> _HOW TO COMPLETE THIS TASK_
Of all the entries below, only the lines from the one with "Marc Márquez gana el exclusivo BMW M6 Cabrio" up to and including the one with "233 WILDERNESS Drive Unit# Lower Kitchener" are to be duplicated exactly.
##### THE DATA
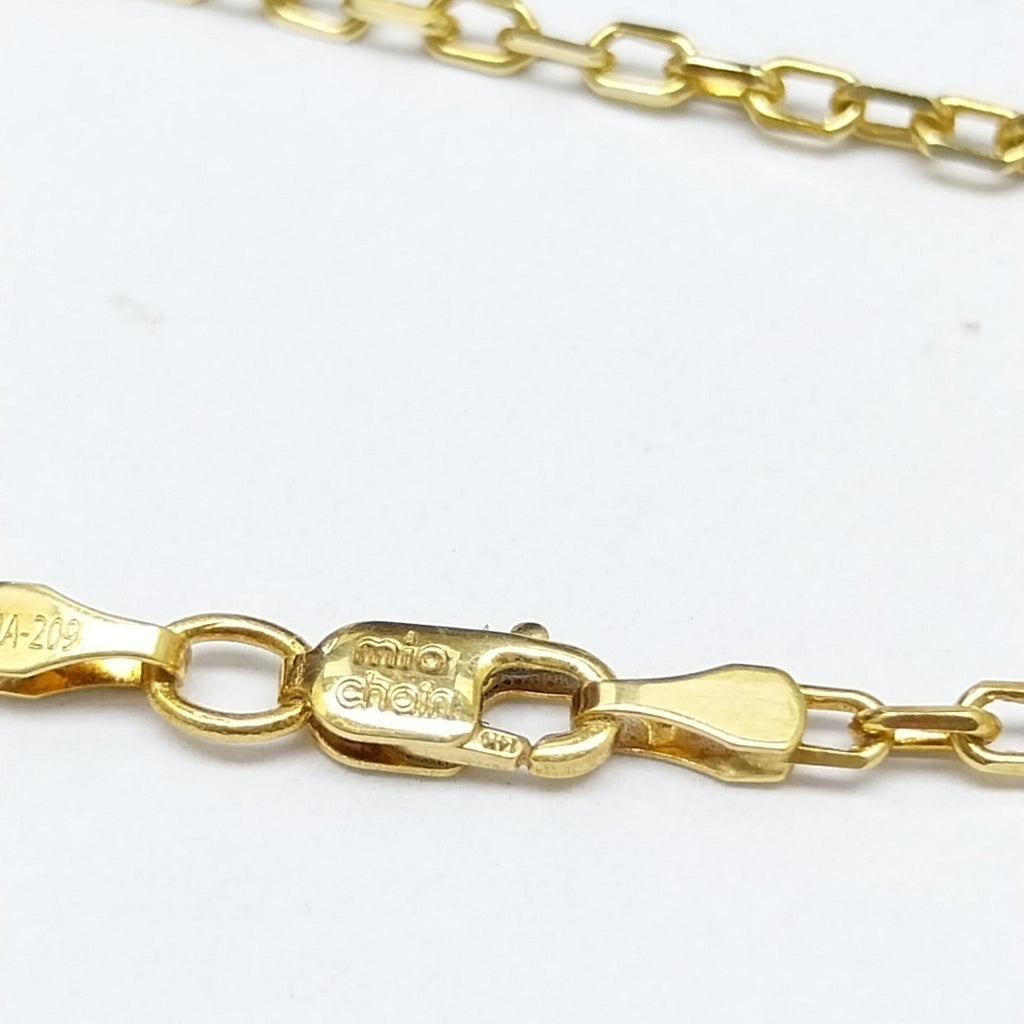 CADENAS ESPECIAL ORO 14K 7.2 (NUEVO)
##########
##### THE DATA
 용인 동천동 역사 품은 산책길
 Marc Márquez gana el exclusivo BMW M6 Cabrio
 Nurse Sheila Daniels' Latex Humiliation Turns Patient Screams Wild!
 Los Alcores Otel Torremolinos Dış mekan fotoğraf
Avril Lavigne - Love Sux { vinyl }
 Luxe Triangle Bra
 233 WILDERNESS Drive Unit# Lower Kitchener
##########
> _WRITTEN RESPONSE_
 Marc Márquez gana el exclusivo BMW M6 Cabrio
 Nurse Sheila Daniels' Latex Humiliation Turns Patient Screams Wild!
 Los Alcores Otel Torremolinos Dış mekan fotoğraf
Avril Lavigne - Love Sux { vinyl }
 Luxe Triangle Bra
 233 WILDERNESS Drive Unit# Lower Kitchener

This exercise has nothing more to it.